Valentino Amil, 31, faces a murder charge. Surveillance footage from the gas station shows his Mercedes blocking the sidewalk as he pulled out. Spillman walked around the front of the vehicle after the two exchanged words. She poured water from a bottle onto the hood. Amil then accelerated into her. She was knocked onto the hood, then thrown into the street, then run over. Amil didn’t stop. He left.
His defense team’s argument is that he feared for his family and was trying to escape a threat. His wife, his 11-year-old daughter, and his five-month-old son were in the car. SFist covered this detail alongside comments the wife made publicly this week. But Amil’s decision to flee the scene without speaking to police has complicated that argument considerably, and District Attorney Brooke Jenkins isn’t buying the self-defense framing.

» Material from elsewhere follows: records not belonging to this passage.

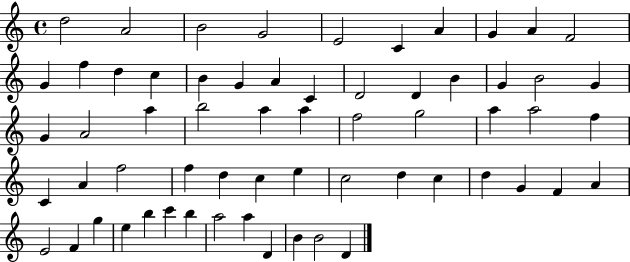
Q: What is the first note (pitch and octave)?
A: D5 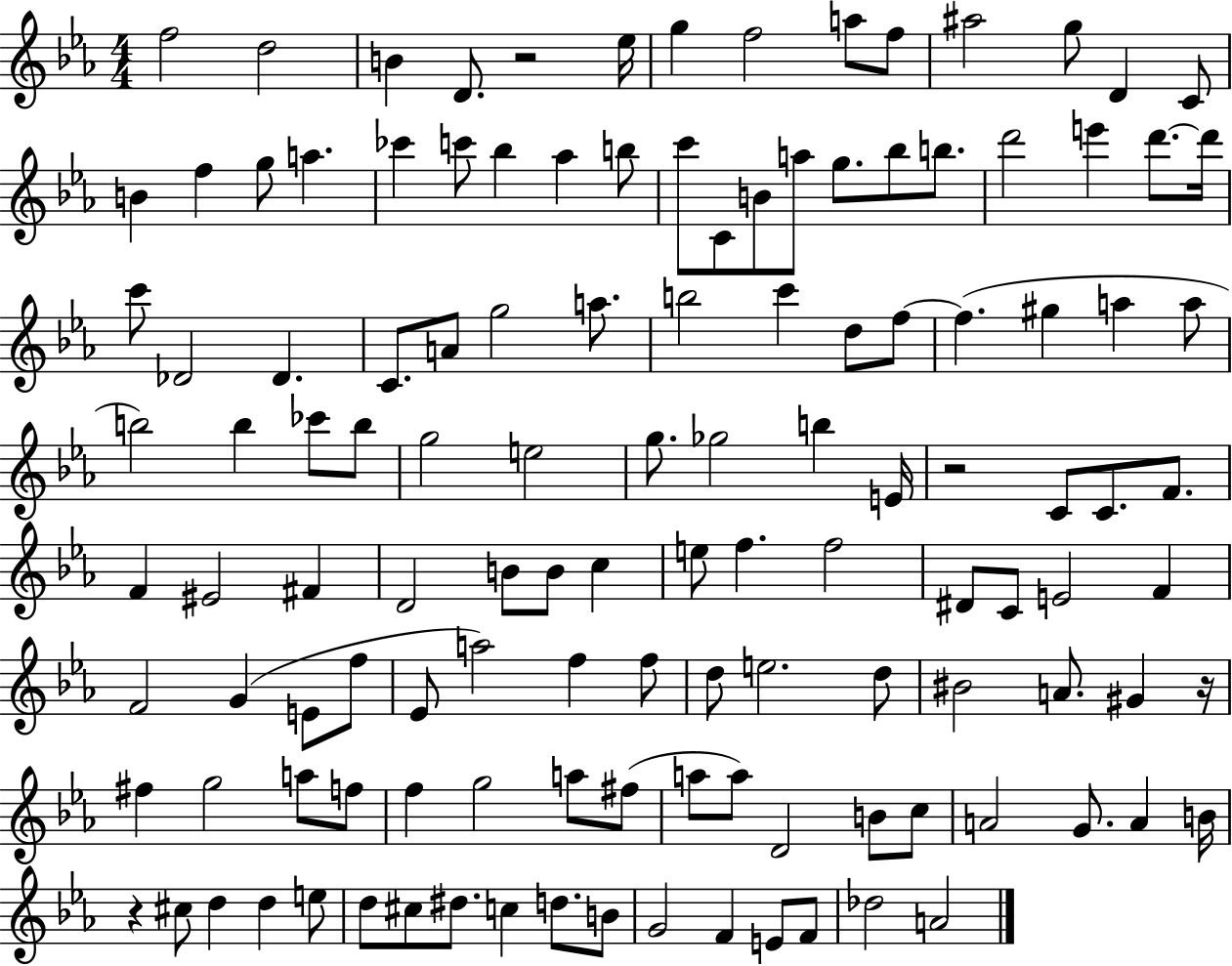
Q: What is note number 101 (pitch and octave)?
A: B4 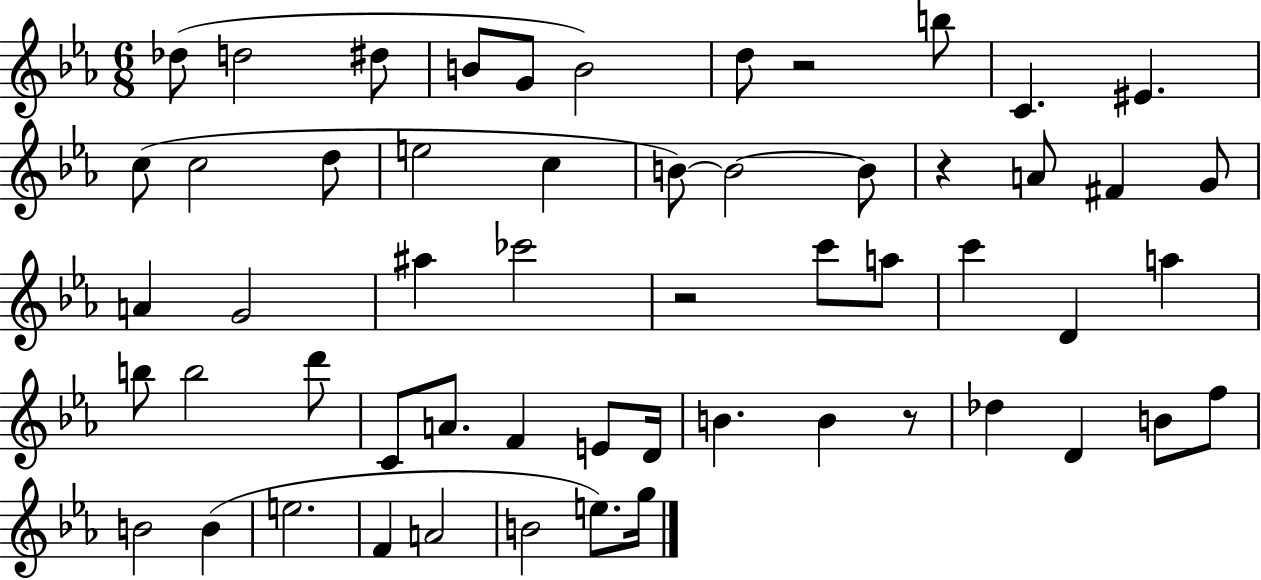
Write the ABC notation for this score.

X:1
T:Untitled
M:6/8
L:1/4
K:Eb
_d/2 d2 ^d/2 B/2 G/2 B2 d/2 z2 b/2 C ^E c/2 c2 d/2 e2 c B/2 B2 B/2 z A/2 ^F G/2 A G2 ^a _c'2 z2 c'/2 a/2 c' D a b/2 b2 d'/2 C/2 A/2 F E/2 D/4 B B z/2 _d D B/2 f/2 B2 B e2 F A2 B2 e/2 g/4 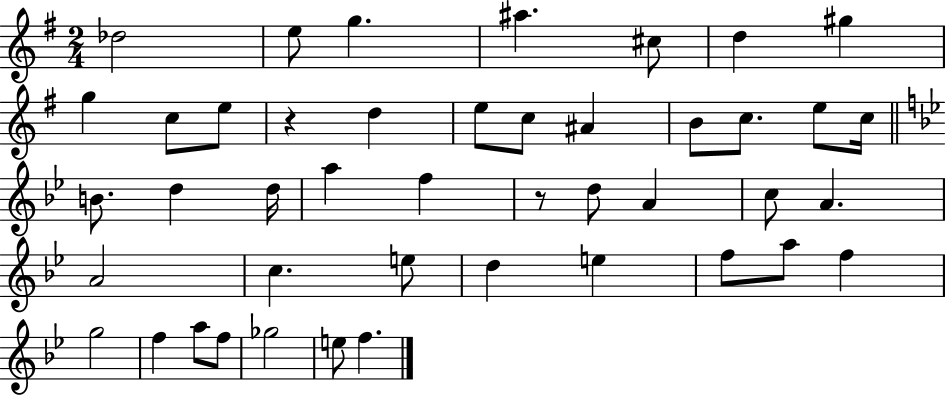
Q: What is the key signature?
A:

“Having viewed the video, there is not evidence to support an argument of self-defense in this case,” Jenkins said.
Amil’s wife, who didn’t give her full name when she spoke to KTVU, called the murder charge “outrageous.” She pushed back hard on how her husband’s being characterized. “It’s not fair that the villain that they’re painting of my husband,” she said. “My husband is not a villain.”
She also said her family understands the weight of what happened. “We carry, very very deep remorse for Dannielle,” she told KTVU. “It was a life. We understand that in its entirety.”
That’s not nothing. Children’s lives get disrupted when a parent faces a murder charge, and that disruption is real. But Spillman’s death doesn’t shrink because another family is also in pain.
Spillman was known at Real Guitars and Guitar Center, two San Francisco shops where she was a regular presence as a musician. Nonprofit case worker Derrick Guerra, who knew her personally, told reporters she’d been saying for months that she felt unsafe as a trans person in the city. He said she was frequently misgendered and had started describing San Francisco as more threatening than it was when she first lived here in the 1990s. She’d watched this city transform across decades. Somewhere along the way, she stopped feeling like it was watching out for her.
Water poured on a hood and a walk around a blocked sidewalk: that’s the sum of what Spillman did. The California Penal Code’s standards for homicide don’t recognize either as justification for deadly force. The San Francisco District Attorney’s office has reviewed the surveillance footage and reached the same conclusion. According to the National Center for Transgender Equality, trans people face disproportionate exposure to street violence, and trans elders specifically are among the most vulnerable. Spillman’s own words, as relayed by Guerra, tracked that pattern exactly.
The charge is murder under California Penal Code 187. Amil was 31 in 2026 when he was charged. Spillman was 74 when she died. The surveillance camera didn’t editorialize. It just recorded what happened in the 24 seconds that changed everything.